The present report has several limitations. The scope of this retrospective study focused on measuring HPF4 antibodies in patients who had already presented with complications related to their vascular disease. At the time of screening, all patients had been exposed at least once to unfractionated heparin as part of the management of their vascular disease or complications. However, except for the population on hemodialysis who had scheduled weekly exposure to unfractionated heparin during treatment, we did not collect additional data on the timing or frequency of heparin exposure in the remainder of patients not on hemodialysis. This may be relevant for Mattioli and colleagues have shown that within 6 days of heparin exposure 30% of patients can develop HPF4 antibodies [12]. We did not ascertain whether alternative therapies or modes of anticoagulation in these patients may have had an effect on outcome.

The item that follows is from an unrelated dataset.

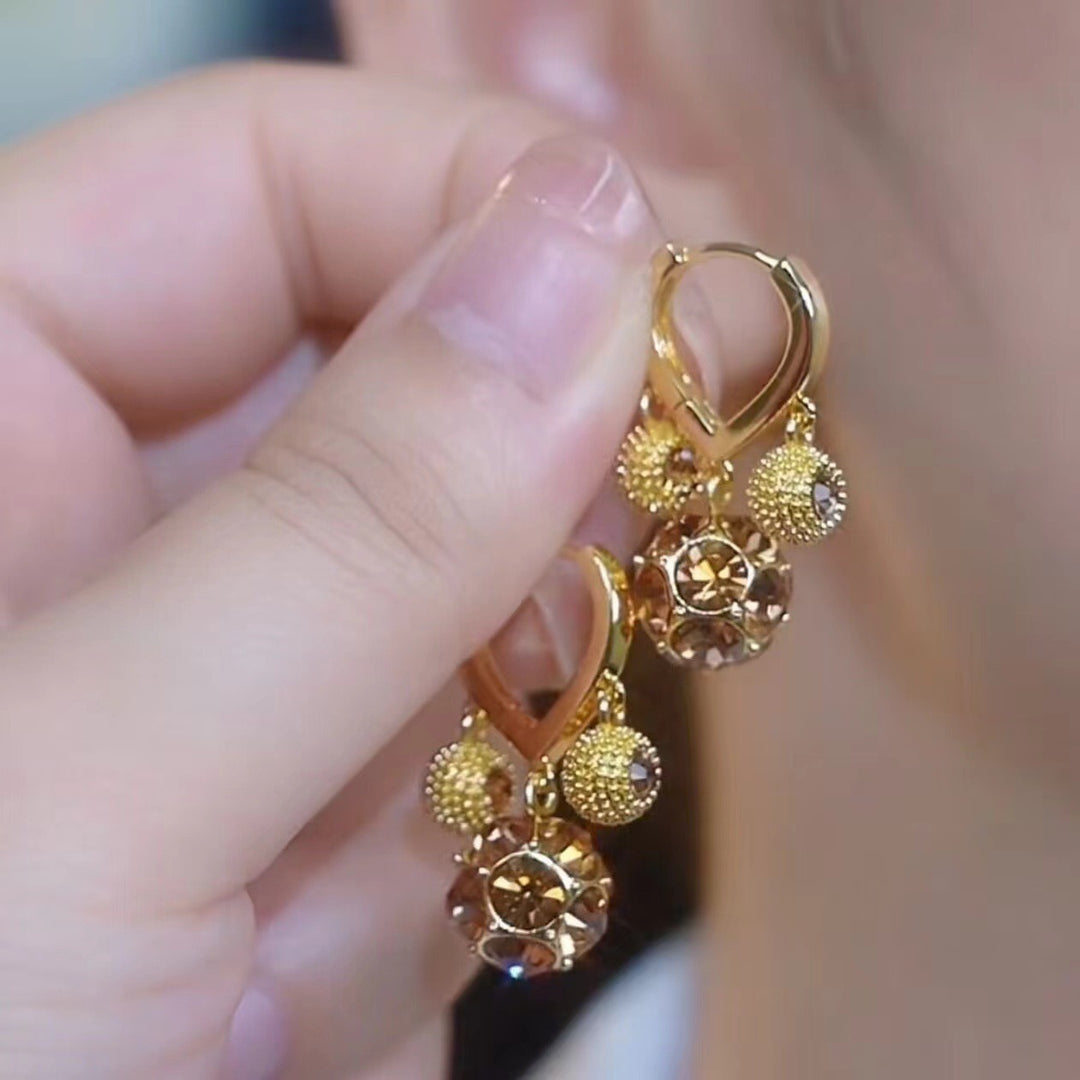 18K Gold Vintage Ball Drop Leverback Earrings | 3D CZ Sphere Pendant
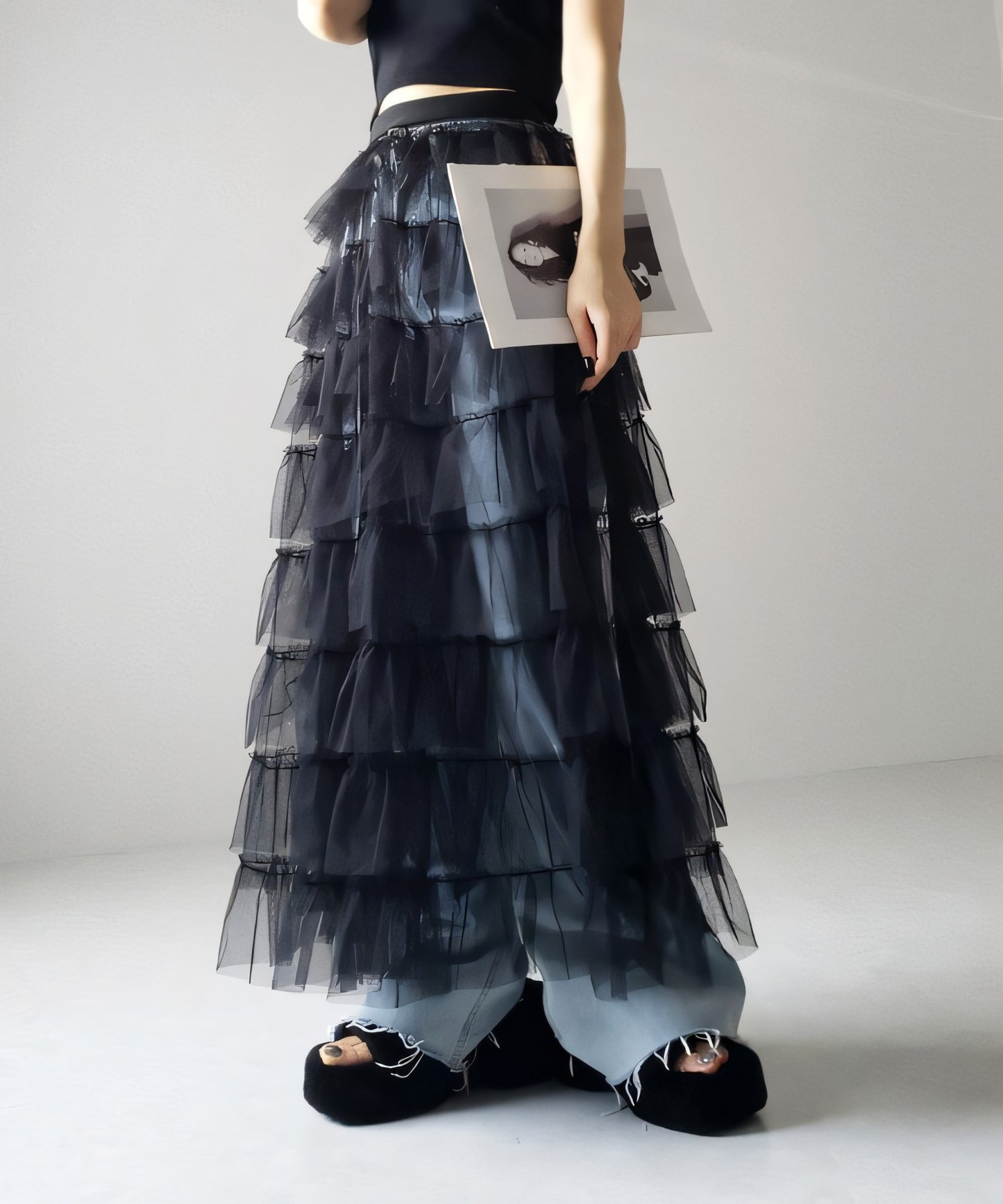 Women's Layered Elastic Waist Puff Tulle A-line Skirt, Sheer Mesh Design for All Occasions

Stribling and associates propose to treat the presence HPF4 antibodies in high-risk clinical scenarios with nonheparin anticoagulants or direct thrombin inhibitors [13]. However, limited evidence is available to guide on the optimal nonheparin anticoagulant to be used during vascular surgery with suspected or documented HIT [29, 30]. The ELISA immunoassay is a quantitative test capable of detecting HPF4 antibodies [31]. It is a sensitive antigen-based assay with high negative predictive value but a variable specificity between 50% and 89%. This results in the detection of both nonpathogenic and pathogenic antibodies in patients with and without clinical HIT. The utility of this test is ruling out the presence of HPF4 antibodies during the HIT workup. The 14C-Serotonin release assay (SRA) is a functional test to detect antibodies capable of activating platelets which has a specificity and sensitivity of more than 95%. Despite being one of the reference standard tests for the detection of HPF4 antibodies, this test is not readily available in all laboratories [3133]. We did not utilize the functional SRA tests to determine if the associated thrombotic events were due to immunogenic heparin-induced antibodies capable of activating platelets. We believe that our observations may contribute to the understanding of the relation between DM and HPF4 antibodies in at risk vascular patients. We intend that the data generated in this work be validated by prospective studies in the future.

5. Conclusions

Diabetes is associated with a higher likelihood of developing heparin-induced antibodies and an increased combined incidence of arterial complications that include early or multiple bypass/graft thrombosis. The routine or frequent exposure to heparin as observed in ESRD patients on hemodialysis did not increase the risk for HPF4 antibody formation in DM patients. Our findings may help stratify patients at risk for vascular complications and potentially influence the choice of anticoagulation especially in DM patients who are at risk with vascular disease.

Conflict of Interests

The authors declare that there is no conflict of interests regarding the publication of this paper.